START Records for processing

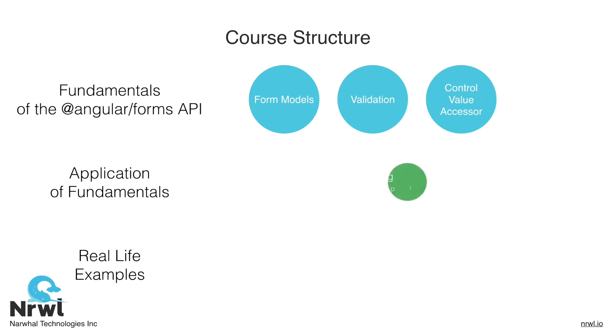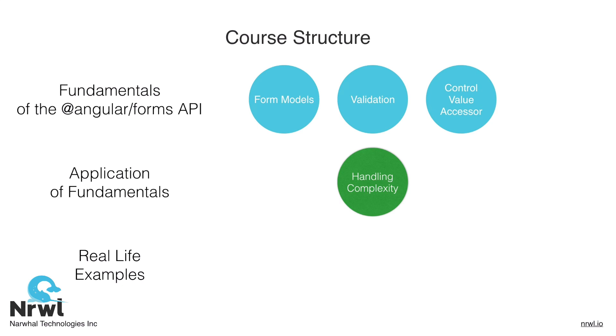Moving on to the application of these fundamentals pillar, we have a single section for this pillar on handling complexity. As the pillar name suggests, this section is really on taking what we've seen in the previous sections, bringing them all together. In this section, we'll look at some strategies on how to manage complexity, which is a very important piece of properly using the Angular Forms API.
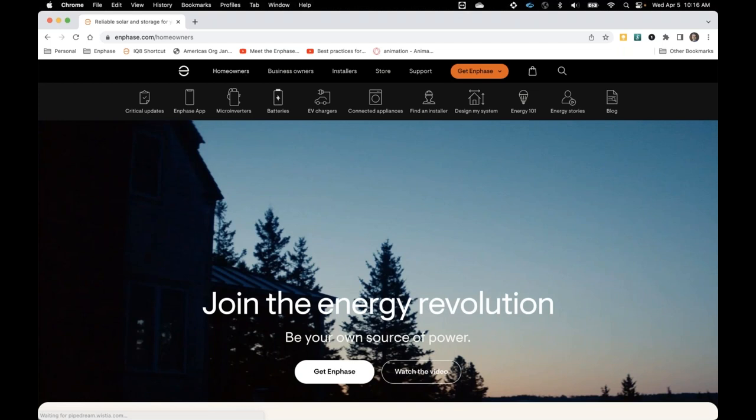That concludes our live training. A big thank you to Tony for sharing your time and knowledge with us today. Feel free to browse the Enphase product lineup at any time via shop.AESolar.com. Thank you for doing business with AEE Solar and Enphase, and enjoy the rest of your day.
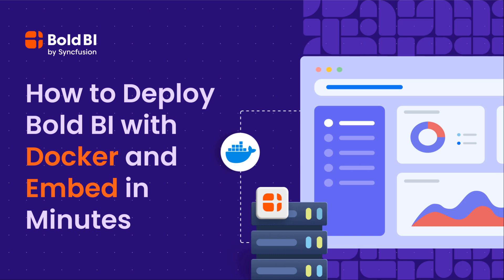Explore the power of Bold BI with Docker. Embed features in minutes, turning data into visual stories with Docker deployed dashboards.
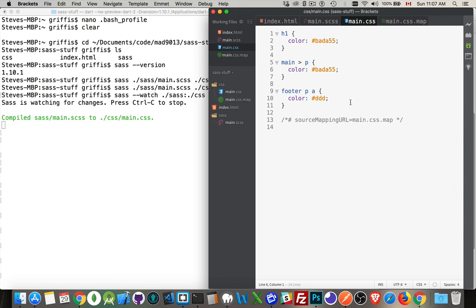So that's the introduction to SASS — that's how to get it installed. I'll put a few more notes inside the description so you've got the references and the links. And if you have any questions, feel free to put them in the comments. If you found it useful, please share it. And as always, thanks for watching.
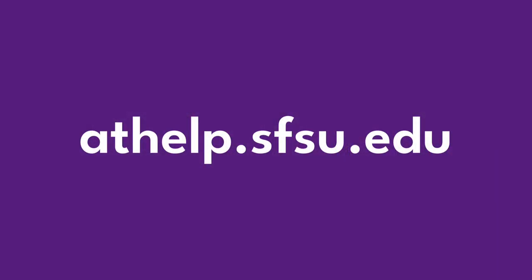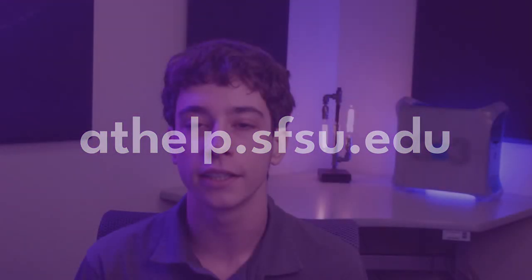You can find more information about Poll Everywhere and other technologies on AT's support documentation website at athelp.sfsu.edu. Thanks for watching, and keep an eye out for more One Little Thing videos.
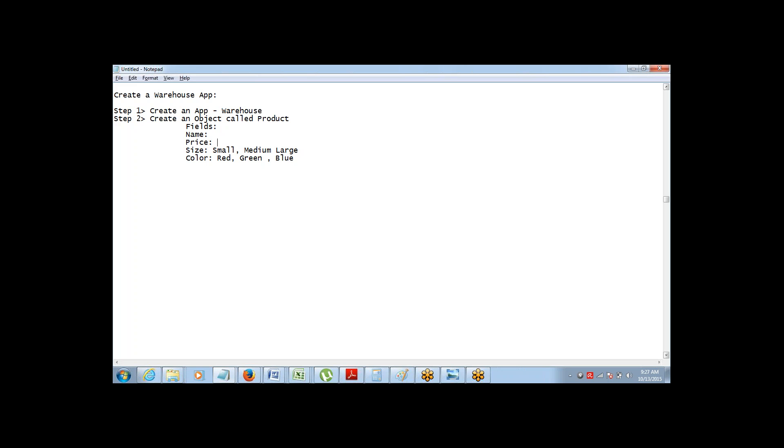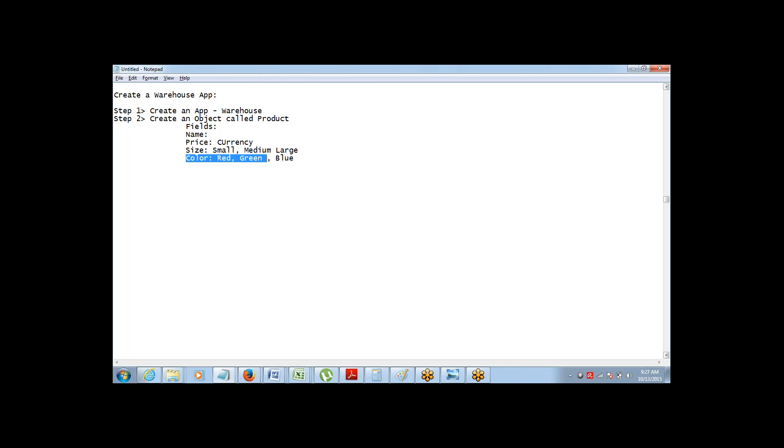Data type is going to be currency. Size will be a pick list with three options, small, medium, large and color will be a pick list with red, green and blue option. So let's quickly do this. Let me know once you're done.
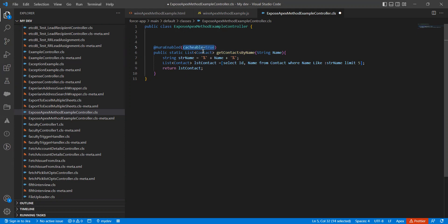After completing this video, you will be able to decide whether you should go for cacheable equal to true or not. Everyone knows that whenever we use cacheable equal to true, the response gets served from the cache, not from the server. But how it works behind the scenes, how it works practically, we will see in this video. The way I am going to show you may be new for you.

END Records for processing

_Problem statement_
Reproduce precisely the lines of the entries above, from the one containing "Data type is" through the final one, both ends included, and omit the pictures.

_Written response_
Data type is going to be currency. Size will be a pick list with three options, small, medium, large and color will be a pick list with red, green and blue option. So let's quickly do this. Let me know once you're done.
After completing this video, you will be able to decide whether you should go for cacheable equal to true or not. Everyone knows that whenever we use cacheable equal to true, the response gets served from the cache, not from the server. But how it works behind the scenes, how it works practically, we will see in this video. The way I am going to show you may be new for you.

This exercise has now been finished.